Un paio di cose, di cui mi sono dimenticata -come sempre- di farvi nota: i titoli. Sono presi tutti da canzoni anni '80 (sono in quel mood per la festa che si sta svolgendo nella serie principale... abbiate pazienza): i primi due sono brani celebri dei KISS che ho sempre associato a loro due, visto che il soggetto di chi ruba cosa è confuso, tanto nella realtà marveliana -lo fanno entrambi, a modo loro-, quanto nella canzone. Il prossimo sarà un omaggio al brano Desire dei Radiorama.
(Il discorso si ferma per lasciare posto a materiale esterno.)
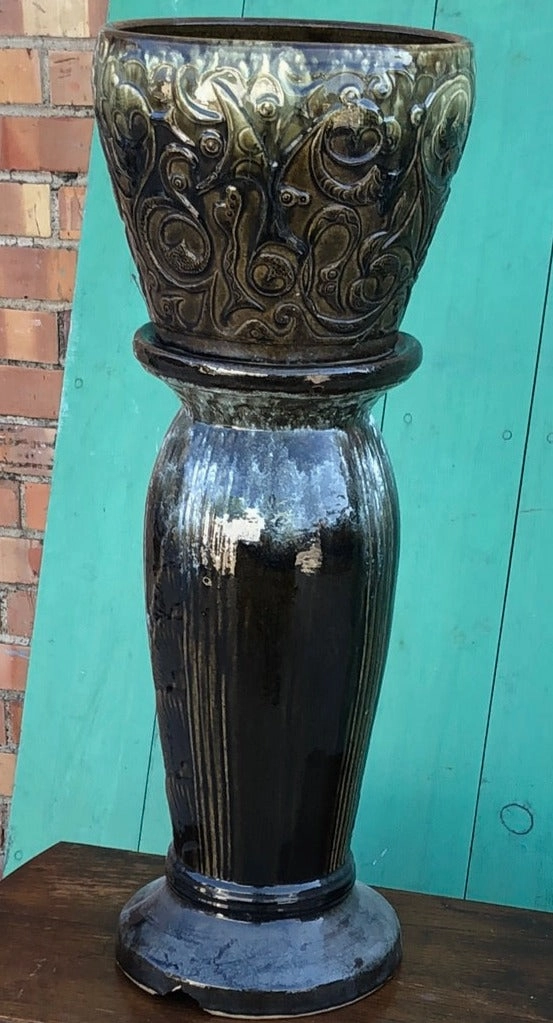 AS FOUND GREEN  POTTERY JARDINIERE AND PEDESTAL AS FOUND
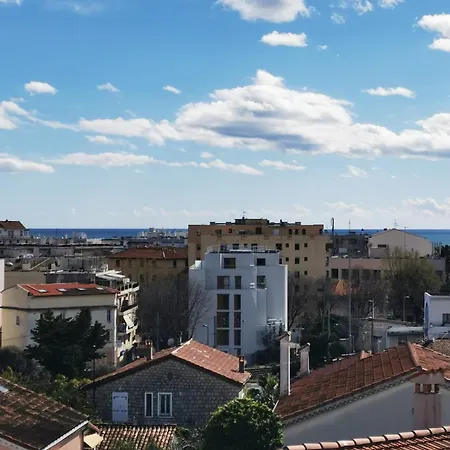 Bright 1-bedroom 'les Alizees' With Air Conditioning And Parking Appartement Juan-les-Pins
Anche il titolo della storia prende da un altra famosissima hit di Gianna Nannini: non solo, a mio parere, Gambit è bello e impossibile (soprattutto in quanto figlio/clone di Sinistro con occhi altrettanto assurdi), "con quel sapor mediorientale" -la Francia non è così a Est, per gli americani, che possono pure sbagliarsi sulla posizione geografica- ma lo è soprattutto il loro amore (motivo per cui è ambientato in House of M).

Ancora una cosa. Mardì Gras indica sia il periodo carnevalesco che, come da noi, comincia dopo Epifania, come anche il giorno stesso del finale e, negli Stati Uniti, è celebrato negli stati dell'Alabama, Mississippi e Louisiana 
(ex colonia francese) ma è New Orleans a essere famosa per questo tipo di divertimenti e per i costumi ben colorati che nulla hanno a che fare con i travestimenti di Halloween. E' un retaggio della cultura anglicana e cattolica.
Come già detto anche in L'ira degli eroi, i due eroi vengono da stati confinanti e dalla cultura simile: per questo -e non solo per la loro convivenza- Rogue parla un pochino di francese e sa cucinare cibo cajun e, quindi, prova nostalgia in questo capitolo.

E basta... non mi sembra di avere altro da aggiungere... Al prossimo aggiornamento.